NYC Midnight FF from NL

Well, I decided to enter the NYC Midnight Flash Fiction contest this year. The way it works is, you have 48 hours to come up with a story under 1000 words following whatever guidelines they give you at the start. Living in BC, it has the advantage of getting the story at 9PM instead of Midnight so you can start something, play around a bit, then sleep on it. Then you still have all day Saturday and until 9PM Sunday to get it in. I like getting those two sleeps to think about it. The first round was in August and I was given the genre or mystery, the setting of a creamery and had to include a fake beard as a prop.

I racked my brain for hours, not wanting to do the obvious of someone wearing a fake beard with a murder happening inside the creamery and came up with a totally off the wall twist, thinking that if I were a judge, I'd look for something that stood out and as fate would have it, I lucked out and it placed 2nd overall in my category!

Round two was this past weekend and I'm currently staying in Newfoundland, which means a big difference on time zones.

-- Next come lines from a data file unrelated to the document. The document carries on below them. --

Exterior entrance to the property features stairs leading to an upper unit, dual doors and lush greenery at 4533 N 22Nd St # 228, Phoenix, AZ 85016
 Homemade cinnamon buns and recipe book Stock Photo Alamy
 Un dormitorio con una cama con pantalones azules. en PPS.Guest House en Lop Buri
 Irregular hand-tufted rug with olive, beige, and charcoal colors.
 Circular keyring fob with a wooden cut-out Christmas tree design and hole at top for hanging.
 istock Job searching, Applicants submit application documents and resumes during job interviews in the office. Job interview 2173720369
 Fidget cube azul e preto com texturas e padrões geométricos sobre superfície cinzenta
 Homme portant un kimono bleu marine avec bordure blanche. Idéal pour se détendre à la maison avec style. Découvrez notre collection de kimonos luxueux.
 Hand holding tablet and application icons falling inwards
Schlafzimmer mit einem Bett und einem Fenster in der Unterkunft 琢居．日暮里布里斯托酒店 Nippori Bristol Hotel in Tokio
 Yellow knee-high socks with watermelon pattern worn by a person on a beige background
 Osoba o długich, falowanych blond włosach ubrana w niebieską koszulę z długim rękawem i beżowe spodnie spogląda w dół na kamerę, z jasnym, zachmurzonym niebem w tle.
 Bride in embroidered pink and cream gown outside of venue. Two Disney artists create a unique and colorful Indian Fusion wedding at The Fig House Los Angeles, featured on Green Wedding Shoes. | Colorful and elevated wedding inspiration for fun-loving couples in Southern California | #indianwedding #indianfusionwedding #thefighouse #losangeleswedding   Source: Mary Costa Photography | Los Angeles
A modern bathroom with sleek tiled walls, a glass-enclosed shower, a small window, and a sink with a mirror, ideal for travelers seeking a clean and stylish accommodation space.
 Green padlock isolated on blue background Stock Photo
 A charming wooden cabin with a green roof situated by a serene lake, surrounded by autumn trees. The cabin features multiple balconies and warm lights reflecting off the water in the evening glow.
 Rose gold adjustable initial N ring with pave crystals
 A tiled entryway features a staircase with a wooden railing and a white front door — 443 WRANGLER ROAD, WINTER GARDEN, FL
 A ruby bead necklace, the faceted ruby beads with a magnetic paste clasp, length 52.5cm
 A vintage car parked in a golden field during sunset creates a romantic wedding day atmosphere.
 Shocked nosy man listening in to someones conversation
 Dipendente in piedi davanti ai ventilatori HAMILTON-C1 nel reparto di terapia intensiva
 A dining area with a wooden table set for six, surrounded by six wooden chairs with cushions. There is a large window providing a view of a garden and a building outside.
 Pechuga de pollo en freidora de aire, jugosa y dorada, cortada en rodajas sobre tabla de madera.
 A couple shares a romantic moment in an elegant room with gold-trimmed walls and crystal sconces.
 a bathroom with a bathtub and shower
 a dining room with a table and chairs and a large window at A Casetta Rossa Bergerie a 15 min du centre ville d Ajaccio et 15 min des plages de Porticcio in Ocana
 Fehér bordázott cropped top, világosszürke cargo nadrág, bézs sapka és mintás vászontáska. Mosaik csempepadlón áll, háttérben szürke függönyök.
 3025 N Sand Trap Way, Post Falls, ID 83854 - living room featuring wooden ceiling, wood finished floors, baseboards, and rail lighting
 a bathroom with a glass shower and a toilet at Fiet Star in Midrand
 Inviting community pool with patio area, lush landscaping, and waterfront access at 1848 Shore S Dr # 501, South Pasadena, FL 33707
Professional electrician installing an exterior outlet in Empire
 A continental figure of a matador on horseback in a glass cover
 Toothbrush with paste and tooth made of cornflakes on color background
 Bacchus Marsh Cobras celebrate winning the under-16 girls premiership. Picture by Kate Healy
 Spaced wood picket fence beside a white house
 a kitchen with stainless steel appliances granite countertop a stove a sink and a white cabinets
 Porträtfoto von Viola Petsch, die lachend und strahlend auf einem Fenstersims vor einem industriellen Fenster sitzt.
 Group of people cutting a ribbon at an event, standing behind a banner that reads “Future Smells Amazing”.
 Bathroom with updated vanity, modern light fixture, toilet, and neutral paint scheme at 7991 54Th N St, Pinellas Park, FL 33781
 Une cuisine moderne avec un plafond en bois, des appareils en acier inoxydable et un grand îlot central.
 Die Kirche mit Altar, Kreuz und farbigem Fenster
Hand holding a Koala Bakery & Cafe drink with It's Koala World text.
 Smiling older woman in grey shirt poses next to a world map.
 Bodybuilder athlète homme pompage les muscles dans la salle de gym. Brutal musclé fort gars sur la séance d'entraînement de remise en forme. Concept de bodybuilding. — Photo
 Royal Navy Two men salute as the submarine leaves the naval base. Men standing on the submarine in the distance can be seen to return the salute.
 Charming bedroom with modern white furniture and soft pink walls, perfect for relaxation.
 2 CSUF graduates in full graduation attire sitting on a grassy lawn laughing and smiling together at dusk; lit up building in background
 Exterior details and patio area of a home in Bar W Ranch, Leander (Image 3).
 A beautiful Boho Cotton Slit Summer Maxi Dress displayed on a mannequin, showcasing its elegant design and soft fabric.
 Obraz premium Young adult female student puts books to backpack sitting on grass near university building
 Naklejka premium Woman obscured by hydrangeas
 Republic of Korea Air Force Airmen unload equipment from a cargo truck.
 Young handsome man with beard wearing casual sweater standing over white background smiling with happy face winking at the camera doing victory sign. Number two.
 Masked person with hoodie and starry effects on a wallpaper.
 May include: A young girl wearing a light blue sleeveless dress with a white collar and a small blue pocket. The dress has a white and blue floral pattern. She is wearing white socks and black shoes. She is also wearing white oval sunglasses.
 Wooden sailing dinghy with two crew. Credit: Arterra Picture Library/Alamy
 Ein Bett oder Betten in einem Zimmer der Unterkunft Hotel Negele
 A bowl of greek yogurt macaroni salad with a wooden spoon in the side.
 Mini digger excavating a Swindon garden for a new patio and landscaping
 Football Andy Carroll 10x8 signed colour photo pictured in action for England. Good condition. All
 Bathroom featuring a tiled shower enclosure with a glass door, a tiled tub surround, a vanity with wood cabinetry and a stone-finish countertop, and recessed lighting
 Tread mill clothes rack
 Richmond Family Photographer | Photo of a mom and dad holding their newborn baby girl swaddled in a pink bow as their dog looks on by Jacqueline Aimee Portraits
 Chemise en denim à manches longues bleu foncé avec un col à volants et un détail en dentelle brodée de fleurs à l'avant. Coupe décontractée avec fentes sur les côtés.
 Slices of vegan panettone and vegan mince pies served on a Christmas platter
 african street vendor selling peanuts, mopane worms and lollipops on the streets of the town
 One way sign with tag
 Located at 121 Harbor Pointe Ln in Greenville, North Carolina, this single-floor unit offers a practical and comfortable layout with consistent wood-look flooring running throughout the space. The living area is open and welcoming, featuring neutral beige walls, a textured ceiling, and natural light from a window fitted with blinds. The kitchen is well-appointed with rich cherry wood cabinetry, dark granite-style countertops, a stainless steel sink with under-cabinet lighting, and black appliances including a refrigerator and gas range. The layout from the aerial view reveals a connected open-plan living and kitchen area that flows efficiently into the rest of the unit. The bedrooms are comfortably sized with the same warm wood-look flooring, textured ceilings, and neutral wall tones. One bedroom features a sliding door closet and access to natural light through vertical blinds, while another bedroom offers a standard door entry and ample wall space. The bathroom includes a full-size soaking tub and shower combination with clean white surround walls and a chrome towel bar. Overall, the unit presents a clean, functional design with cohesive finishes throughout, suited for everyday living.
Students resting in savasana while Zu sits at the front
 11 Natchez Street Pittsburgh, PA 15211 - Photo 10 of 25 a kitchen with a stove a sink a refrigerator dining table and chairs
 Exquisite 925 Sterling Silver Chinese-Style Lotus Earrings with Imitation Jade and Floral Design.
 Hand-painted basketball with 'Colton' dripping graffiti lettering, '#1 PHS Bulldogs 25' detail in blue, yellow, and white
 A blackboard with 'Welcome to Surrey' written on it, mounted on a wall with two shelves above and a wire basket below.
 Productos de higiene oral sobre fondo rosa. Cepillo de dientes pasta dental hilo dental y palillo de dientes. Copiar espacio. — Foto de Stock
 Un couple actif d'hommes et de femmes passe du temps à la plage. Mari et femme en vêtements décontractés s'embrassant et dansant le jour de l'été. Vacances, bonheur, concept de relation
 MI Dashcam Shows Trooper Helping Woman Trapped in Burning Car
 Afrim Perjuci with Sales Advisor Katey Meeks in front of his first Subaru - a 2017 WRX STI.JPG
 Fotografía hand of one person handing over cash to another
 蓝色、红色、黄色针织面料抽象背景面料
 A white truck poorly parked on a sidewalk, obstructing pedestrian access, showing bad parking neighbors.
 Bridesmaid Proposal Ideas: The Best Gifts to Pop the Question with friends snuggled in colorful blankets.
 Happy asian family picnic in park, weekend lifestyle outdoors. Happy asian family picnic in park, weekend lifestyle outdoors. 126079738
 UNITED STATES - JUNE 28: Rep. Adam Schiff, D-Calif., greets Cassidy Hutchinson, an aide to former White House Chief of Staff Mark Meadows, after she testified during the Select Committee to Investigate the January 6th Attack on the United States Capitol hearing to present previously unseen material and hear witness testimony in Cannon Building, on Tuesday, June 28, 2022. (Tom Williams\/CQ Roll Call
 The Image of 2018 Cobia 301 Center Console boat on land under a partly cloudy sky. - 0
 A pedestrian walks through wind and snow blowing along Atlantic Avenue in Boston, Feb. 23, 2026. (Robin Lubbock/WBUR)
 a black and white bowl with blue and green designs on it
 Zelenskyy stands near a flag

Instead of getting the story at 9PM PDT on Friday, my assignment arrived at 1:30AM NDT and as I'd been out hiking all day up here in Gros Morne National Park, I didn't look at it until I woke up Saturday morning at 9AM NL time meaning I'd only get to "sleep on it" once.

My assignment this time was to write a romance that takes place on a scenic overlook with the prop of a wheelchair. Again, I thought the obvious would be some guy staggering up the hill carrying his mobility challenged girlfriend so I steered as clear of that as I could.

By the time I went to bed Saturday night I had three stories on the go, none of which I was really keen on, but when I woke up Sunday, I narrowed it down to the best of the three and carried on. I thought I'd written a pretty good story by the time I submitted before heading off to bed, until I woke up Monday morning (after the contest ended) and felt like I'd been sucker-punched when I realized the most important detail I could have added to push the story up from good to awesome. Because it's always in those tiny little details that we find out what the real story is it. I had created the perfect opportunity but didn't see it in time. Oh well.

I have done other contests before that are on a tight timeline -- most notably, Geist magazine's three-day novel writing contest each Labour Day weekend. I've done it twice now. Although I don't believe it is technically possible to write a good novel in three days, what the contest does is force you to sit down and write and figure out the story you want to tell. In both instances, I ended up with a great first draft. Which is actually why I'm here back in Newfoundland again for the third time since August 2017, as I'm just ironing out the final draft of the novel that started with a three-day writing streak a year ago, about a woman traveling through Newfoundland. It's been a long haul, certainly nothing flashy, but something I'm able to sleep on when I need to. Something I hope that will make it to print and not, at midnight, be gone in a flash.